You are viewing a plain text version of this content. The canonical link for it is here.
Posted to solr-user@lucene.apache.org by Carrie Coy <cc...@ssww.com> on 2015/05/26 21:24:15 UTC

Different behavior (bug?) for RegExTransformer in Solr5

I'm experimenting with Solr5 (5.1.0 1672403 - timpotter - 2015-04-09 
10:37:54).  In my custom DIH, I use a RegExTransformer to load several 
columns, which may or may not be present.  If present, the regexp 
matches and the data loads correctly in both Solr4 and 5. If not present 
and the regexp fails, the column is empty in Solr 4.   But in Solr5 it 
contains the original string to be matched.
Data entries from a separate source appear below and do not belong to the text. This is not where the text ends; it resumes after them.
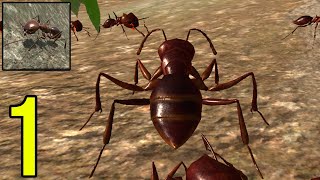 Ant Simulation 3D - Insect Survival Game - Gameplay Walkthrough Part 1 (iOS, Android) screenshot 2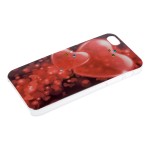 Capac Spate Pentru Iphone 5/5s Colectia Dragoste
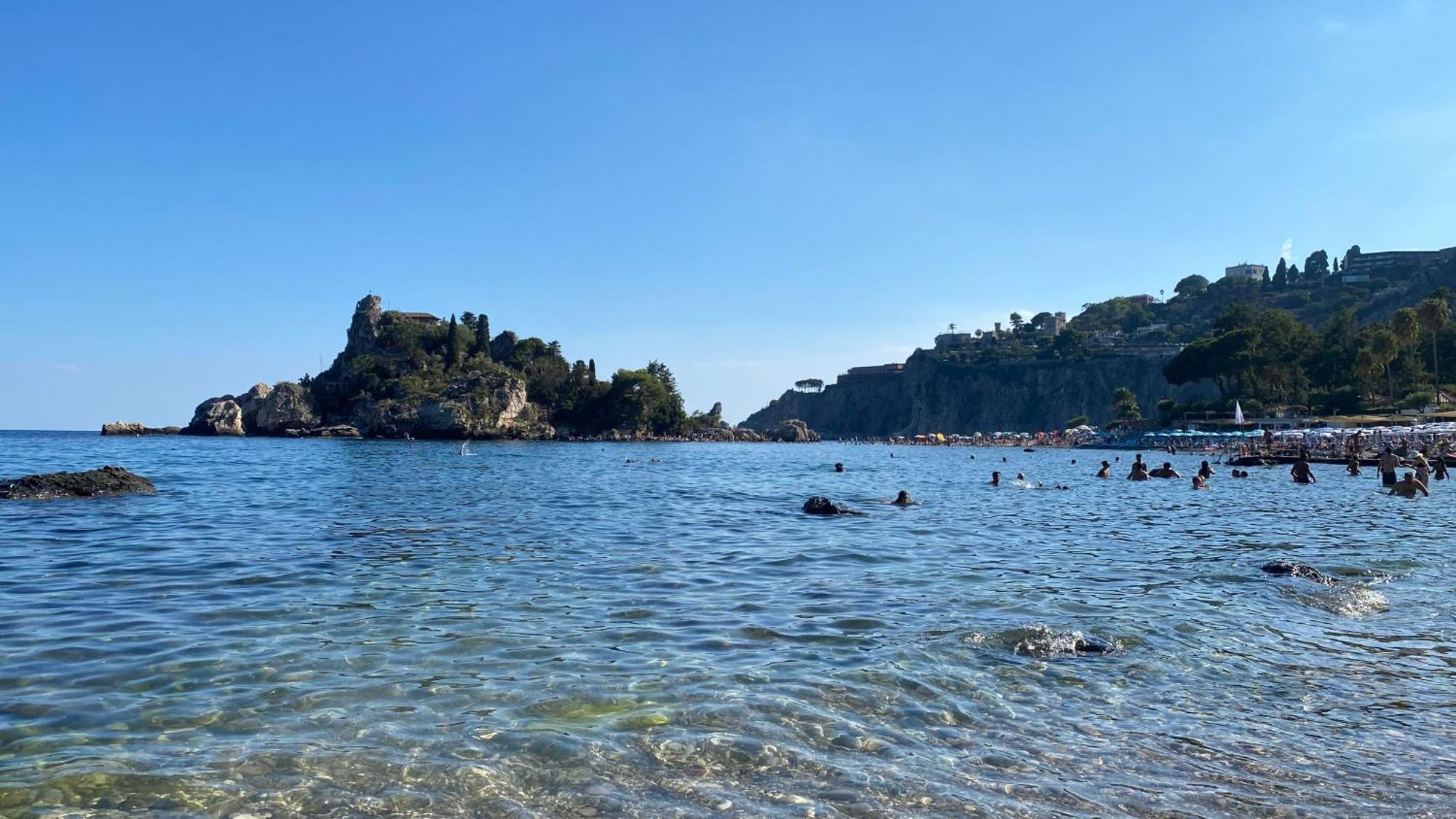 Paradisea تاورمينا المظهر الخارجي الصورة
In other words, in Solr 5.10, if the 'replaceWith' value is empty, 
'replaceWith' appears to revert to the original string.

Example:

Column 'data' contains:   column1:xxx,column3:yyy

DIH regexp:
<field column="column1"       regex="^.*column1:(.*?),.*$" 
replaceWith="$1"  sourceColName="data" />
<field column="column2"       regex="^.*column2:(.*?),.*$" 
replaceWith="$1"  sourceColName="data" />
<field column="column3"       regex="^.*column3:(.*?),.*$" 
replaceWith="$1"  sourceColName="data" />

solr4:
column1: xxx
column2:
column3: yyy

solr5:
column1:xxx
column2: column1:xxx,column3:yyy
column3: yyy